Copyrighted 2000 - All Rights Reserved - JEFF MacINNIS


   About two years ago I went to San Diego.   Had a couple of great days down there.   Hard not to.   Its climate heaven.   I was standing on five acres of manicured grass with an uninterrupted flow of air from the ocean.   The wind was 5 to 7 - on shore, 69 degrees with dozens of big puff ball clouds passing through.   Not bad for New Years day 1998.    Right where I wanted to be, doing precisely what I wanted to do.   Fly.   Had a kite dialed in real good but in keeping with the curse of West Coast fighter fanaticism, I decided to tweak it a little.   Started playing with the spine/keel shape.
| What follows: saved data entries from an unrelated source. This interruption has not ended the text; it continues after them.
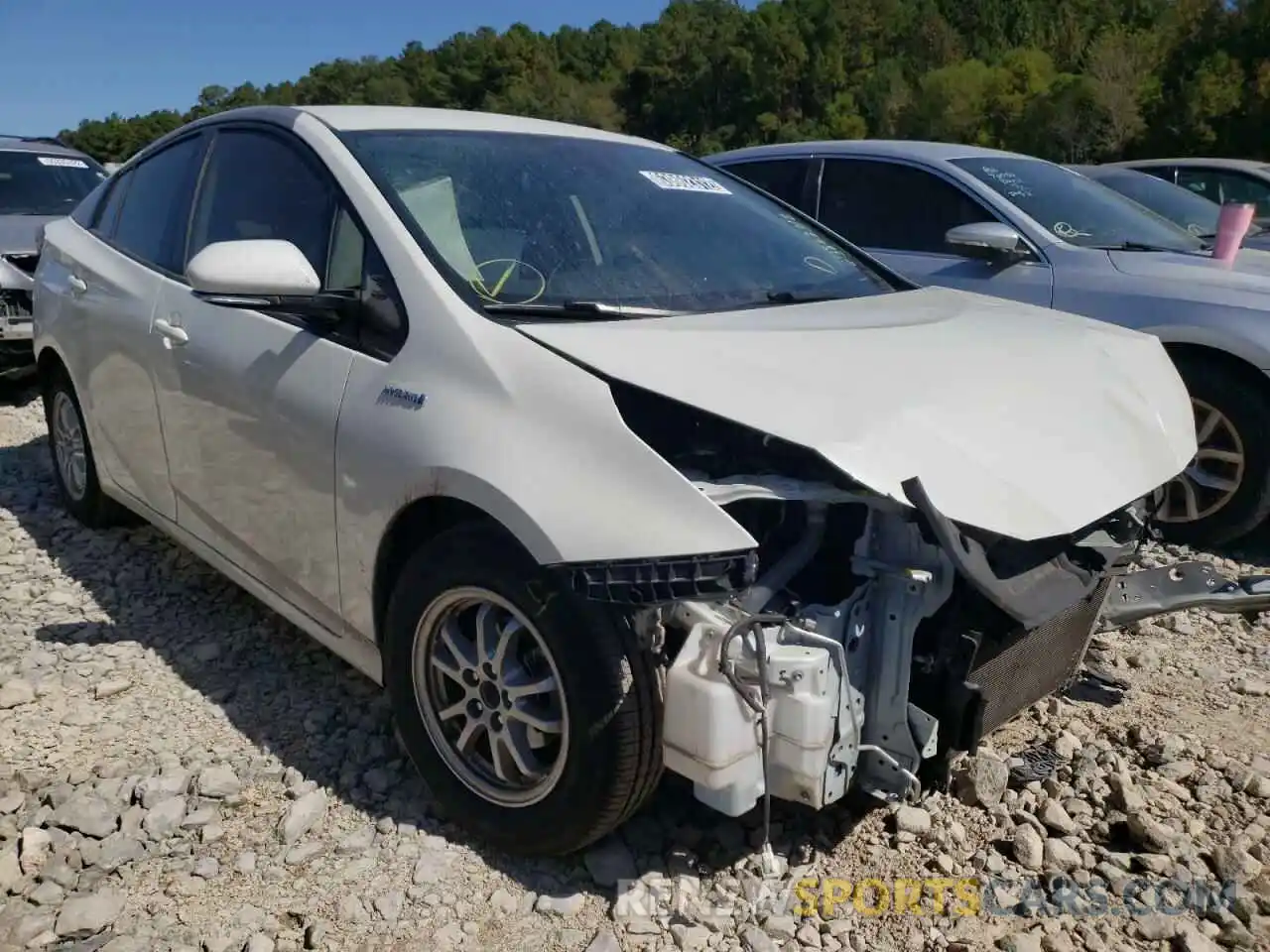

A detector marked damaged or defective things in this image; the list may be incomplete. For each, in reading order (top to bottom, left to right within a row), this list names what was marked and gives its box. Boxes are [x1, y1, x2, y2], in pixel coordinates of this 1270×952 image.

crumpled hood [0, 214, 55, 255]
crumpled hood [1107, 246, 1270, 294]
damaged white car [32, 105, 1270, 858]
crumpled hood [518, 287, 1199, 542]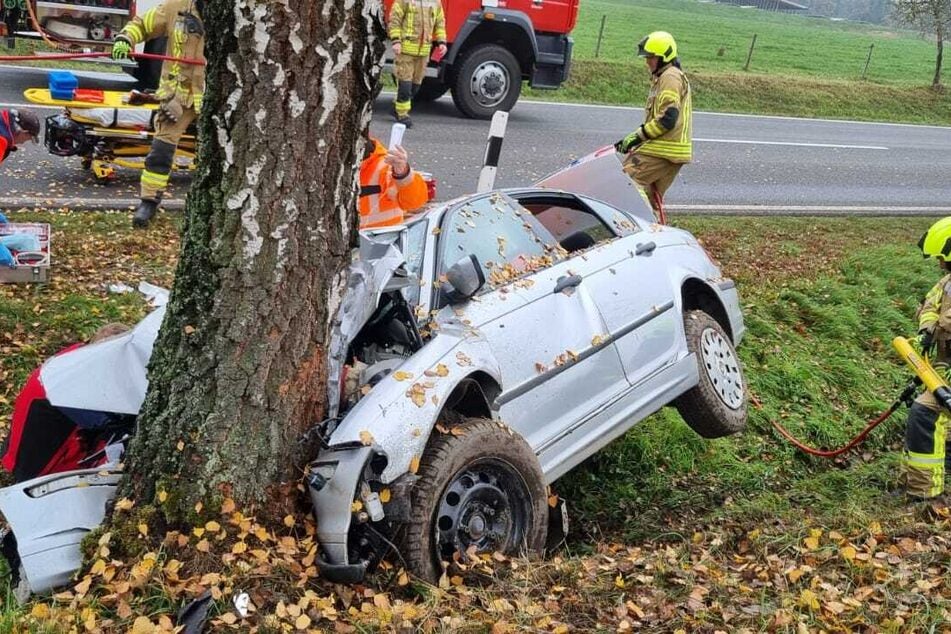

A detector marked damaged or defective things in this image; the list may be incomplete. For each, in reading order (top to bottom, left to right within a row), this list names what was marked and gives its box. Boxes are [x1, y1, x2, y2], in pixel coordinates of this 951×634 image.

crashed silver car [0, 149, 744, 592]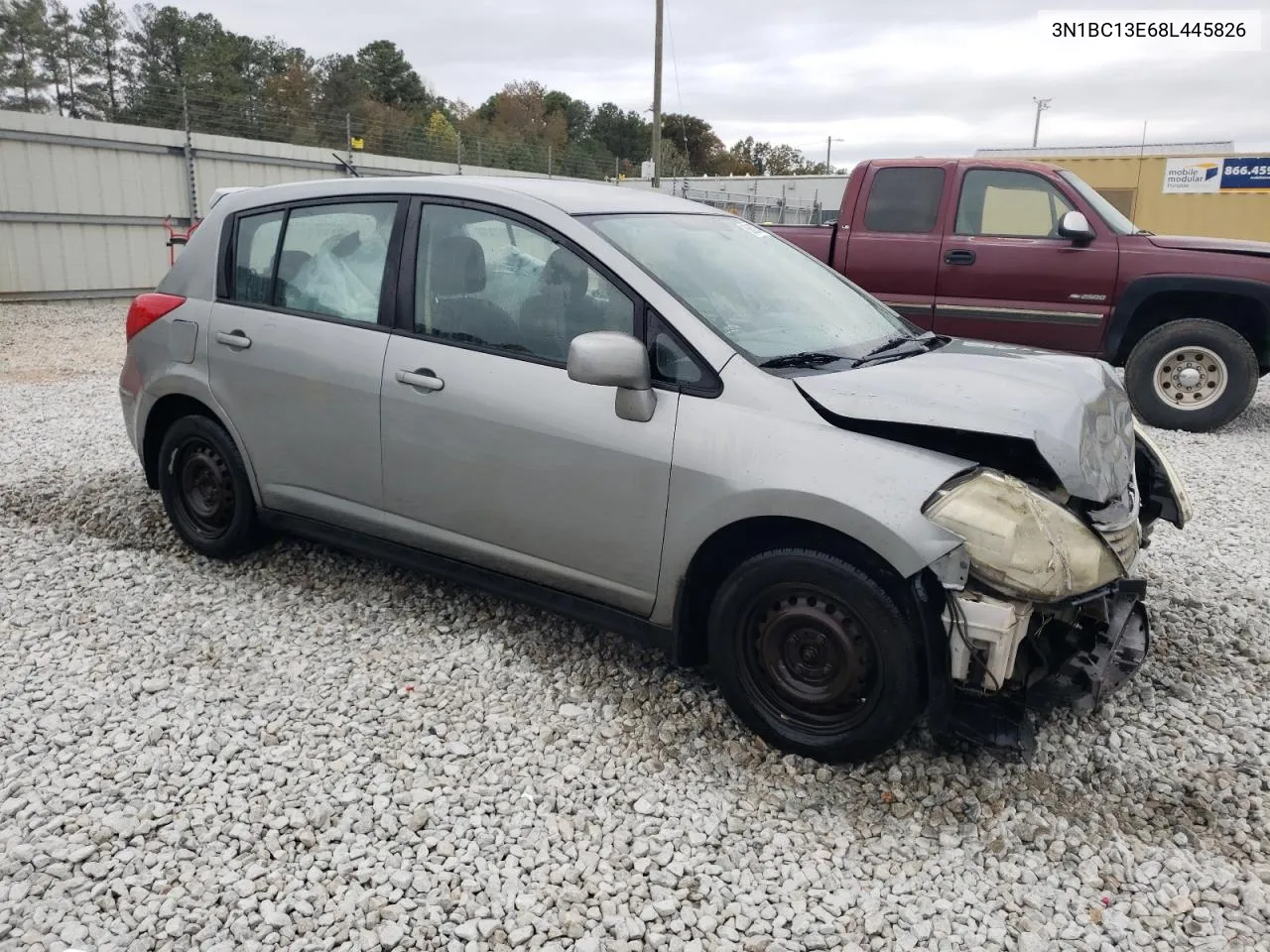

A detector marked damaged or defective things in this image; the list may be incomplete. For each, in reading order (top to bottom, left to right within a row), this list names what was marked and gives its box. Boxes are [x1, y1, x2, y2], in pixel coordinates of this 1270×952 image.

   Tried it straight:   Skittish and difficult to keep on track but fast with an awesome spin.   The kite would not leaf (float) on it's belly.   Had a tendency turn a wingtip toward the ground and knife down sideways, out of the sky.   Tried it with varying amounts of curve from nose to tail:   Speed and spin retarded incrementally the more the curve.   The shallower adjustments showed a kite with more control.   The radical adjustments demonstrated sluggish movement, no spin but pin point control and rock solid cobras.   Tried it bent backwards, concave to the wind:   Did not fly.   Tried a straight spine with the nose turned back:   Again, incrementally less spin, more control but a little less wiggy on a straight track to the horizontal.   Tried a shallow but increasing curve from tail to bow with the nose turned back:

   My spine shape evolved to this configuration and is more or less what the shape of the spine was at the beginning of the session.    I did learn however that even small adjustments to the "basic" shape give evident results.   Granted the conditions were perfect and likely assisted a great deal noticing small changes in flight characteristics.   Kept on playing with it until I was satisfied the kites spine was tuned to the best average adjustment.   The short story being, I could tune the kite to do a specific task very well sacrificing other flight characteristics.   The best adjustment being one that allows the kite to perform the widest range of maneuvers.    As with most flying objects, its a give and take thing.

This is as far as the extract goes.